Outra ONG, a 350.org, especializada em incluir o fator humano na luta contra as mudanças climáticas,  fez um alerta no dia 21 do mês passado, reavivando um pouco a memória dos brasileiros para ajudar-nos a perceber que o Brasil já entrou no cenário mundial das mudanças climáticas. Tornados no Sul, seca no Sudeste, chuvas torrenciais no Norte, alternâncias de temperatura atípicas para o calendário (frio no verão, calor no inverno) são provas irrefutáveis de que o clima está mudando.

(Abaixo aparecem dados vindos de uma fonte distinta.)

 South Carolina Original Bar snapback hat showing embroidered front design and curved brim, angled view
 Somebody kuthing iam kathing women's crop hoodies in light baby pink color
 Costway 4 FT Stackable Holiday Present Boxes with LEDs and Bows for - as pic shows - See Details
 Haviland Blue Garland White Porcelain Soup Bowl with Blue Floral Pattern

“A cada ano as mudanças climáticas estão se intensificando e aumentando o grau de destruição. E mais: os eventos radicais do clima estão acontecendo em regiões onde nunca houve esse tipo de registro, o que deve servir para acender o alerta vermelho para todos nós”, disse a diretora da ONG aqui no Brasil, Nicole Figueiredo de Oliveira.

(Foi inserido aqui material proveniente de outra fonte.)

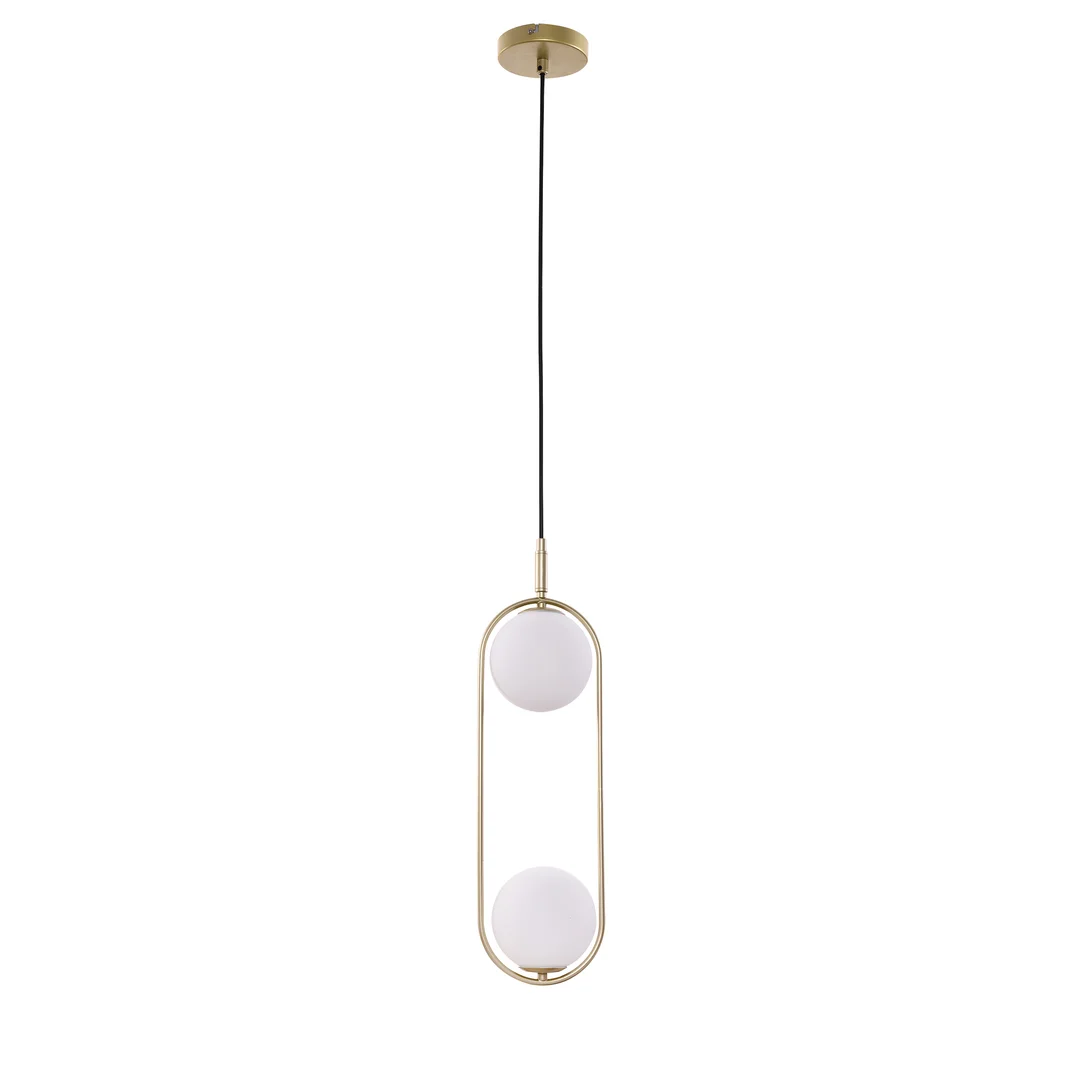 Lampa wisząca CORDEL elegancka - złoty mosiądz z białymi kloszami kulkami - nowoczesne oświetlenie salonu 2x G9 LED — zdjęcie 11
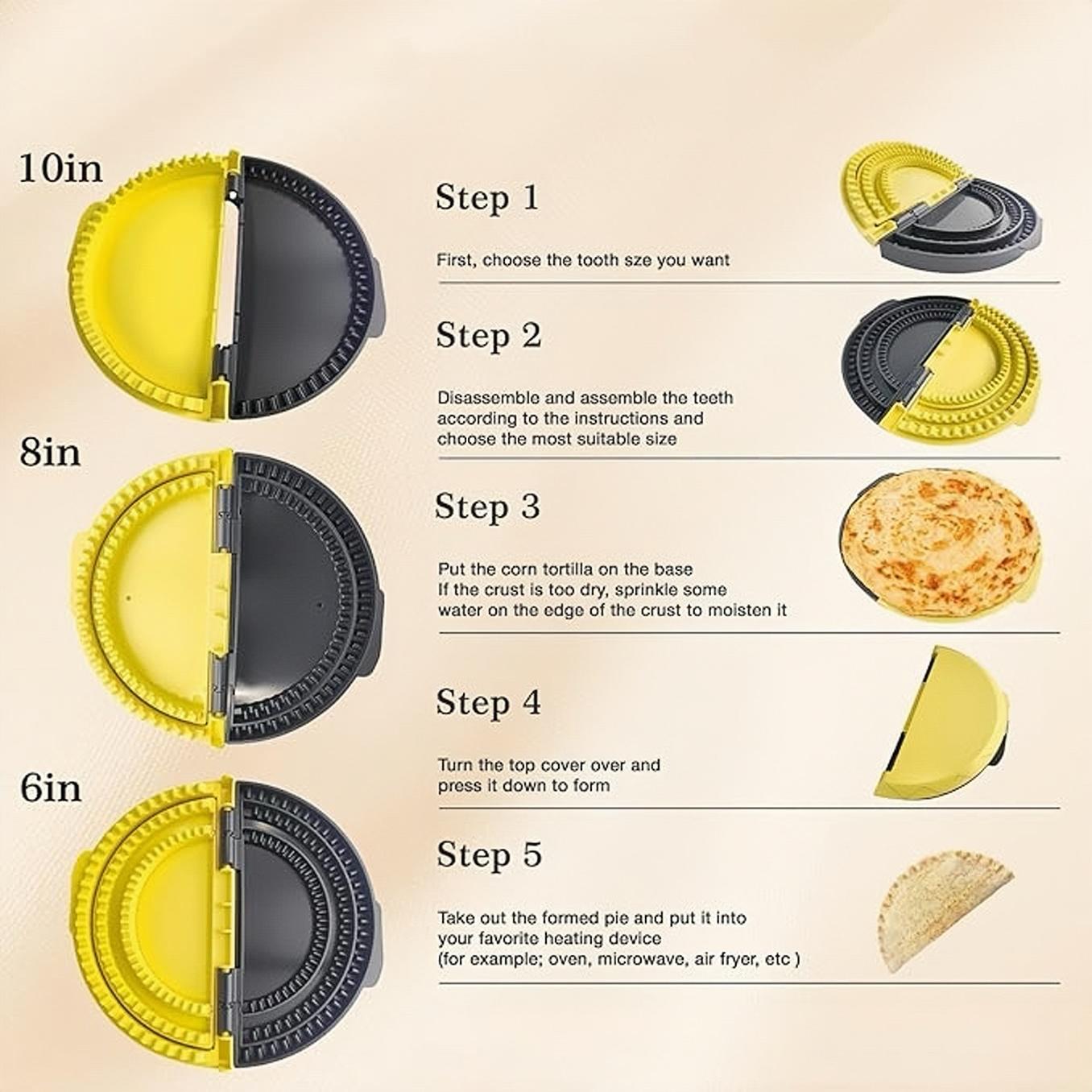 Multifunctional Empanada & Tortilla Press Kit, 6/8/10in Dough Mould, Non-Stick Sealer, Labor-Saving Kitchen Tool for Busy Home Cooks, Meal Prep Pros, Perfect for Mexican Street Food, Asian Dumplings, No Mess, Easy Operation Set Utensils Pastry roti maker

Aqui vale uma explicação sobre o nome da ONG em questão. 350 partes por milhão é quanto, na avaliação dos cientistas, a Terra aguenta de concentração de CO2 na atmosfera sem causar os eventos extremos que praticamente inviabilizam a vida dos humanos. Ocorre que, segundo dados recentes publicados pela Agência Nacional de Observação Atmosférica (Noaa), as concentrações globais de dióxido de carbono (CO2) atingiram um recorde de média global de 400 partes por milhão no mês de março deste ano (leia aqui).

Mais gases, mais desastres ambientais. E, como se sabe, os pobres são as maiores vítimas. Aqui no Rio de Janeiro, o último grande conflito desses que nos atingiu foi quando uma chuva jamais vista caiu sobre a Região Serrana em 2011. Os governos não estavam preparados para a tragédia e, segundo informações de pessoas que vivem ou frequentam muito assiduamente o local, ainda hoje não há nenhum plano estruturado para livrar as pessoas de morte ou de perder entes queridos além de tudo o que têm materialmente. Recentemente fiz uma entrevista com dois profissionais que lidam com as vítimas (leia aqui) e o que eles contam não é animador.

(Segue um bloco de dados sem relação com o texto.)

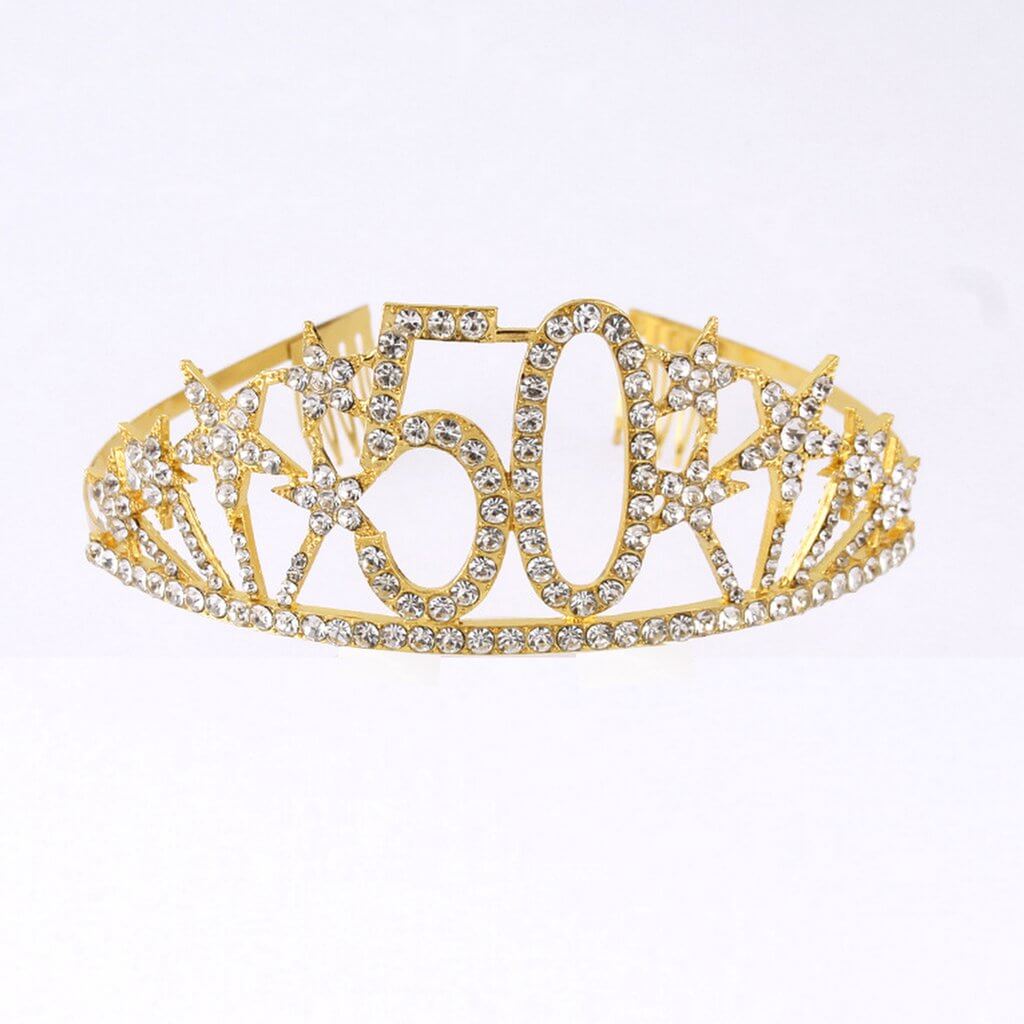 gold Metal Rhinestone Diamante Number 50 with Stars Birthday Tiara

Enquanto isso, em Nova York, no início do mês houve o anúncio oficial sobre a definição dos 17 Objetivos de Desenvolvimento Sustentável (ODS). É uma espécie de guia, um texto que vem sendo negociado há dois anos pelos 193 Estados-Membros das Nações Unidas e diversas organizações da sociedade civil, para substituir os Objetivos do Milênio (ODM) cujo prazo termina este ano. A favor da ONU, especialistas lembram que muitos dos ODM foram alcançados e mudaram o cenário de pobreza de alguns países. O Brasil contribuiu intensamente, como bem lembra Stiglitz no livro que menciono no início desse texto, para o alcance global da meta número 1, que é reduzir a pobreza extrema e a fome. Mas há críticos, como o economista mexicano Enrique Leff, para quem “O resultado (dos ODM) é uma montagem para mostrar que essa forma de gerar o desenvolvimento dá certo. E assim vão conseguir medições que podem dar certo, mas gerando outros efeitos negativos, como a destruição do meio ambiente e dos modos de vida tradicionais sustentáveis.” (leia aqui).

É mais ou menos isso, uma montagem de pensamentos, o texto que acabo de escrever. Que sirva para mais reflexões sobre nossa era de ditos, não ditos, conclusões precipitadas e paradoxos.